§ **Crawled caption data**
•••
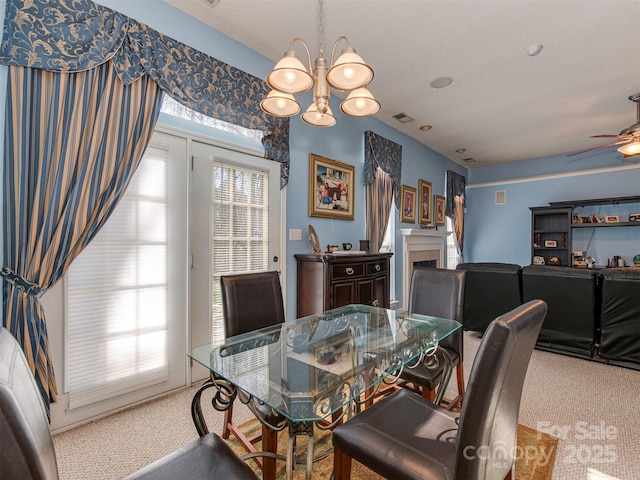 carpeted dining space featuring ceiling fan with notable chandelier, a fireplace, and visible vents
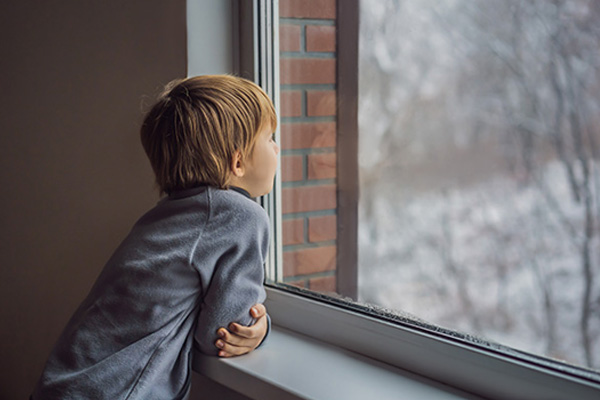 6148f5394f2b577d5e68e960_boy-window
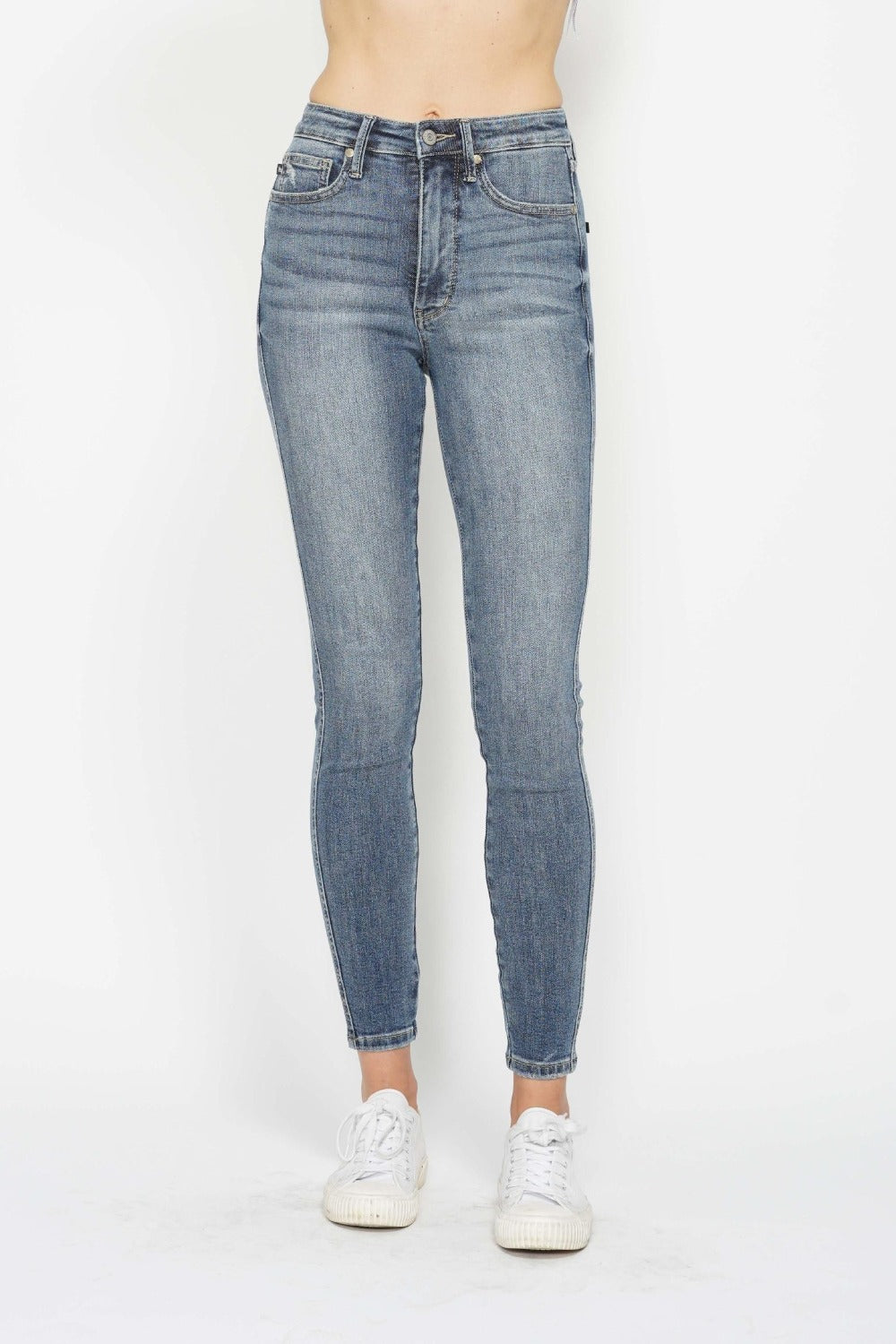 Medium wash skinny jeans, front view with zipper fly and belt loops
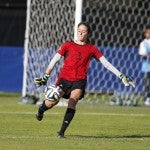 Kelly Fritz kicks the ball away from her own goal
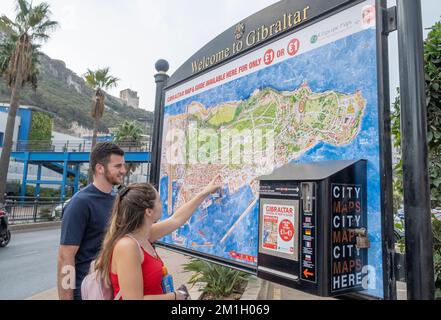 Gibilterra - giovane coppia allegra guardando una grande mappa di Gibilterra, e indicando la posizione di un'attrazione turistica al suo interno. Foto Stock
•••
In the answer, give only the lines from the top of the data above through the line with "Kelly Fritz kicks", reproduced exactly; no picture may appear.

§ **Your solution**
 carpeted dining space featuring ceiling fan with notable chandelier, a fireplace, and visible vents
 6148f5394f2b577d5e68e960_boy-window
 Medium wash skinny jeans, front view with zipper fly and belt loops
 Kelly Fritz kicks the ball away from her own goal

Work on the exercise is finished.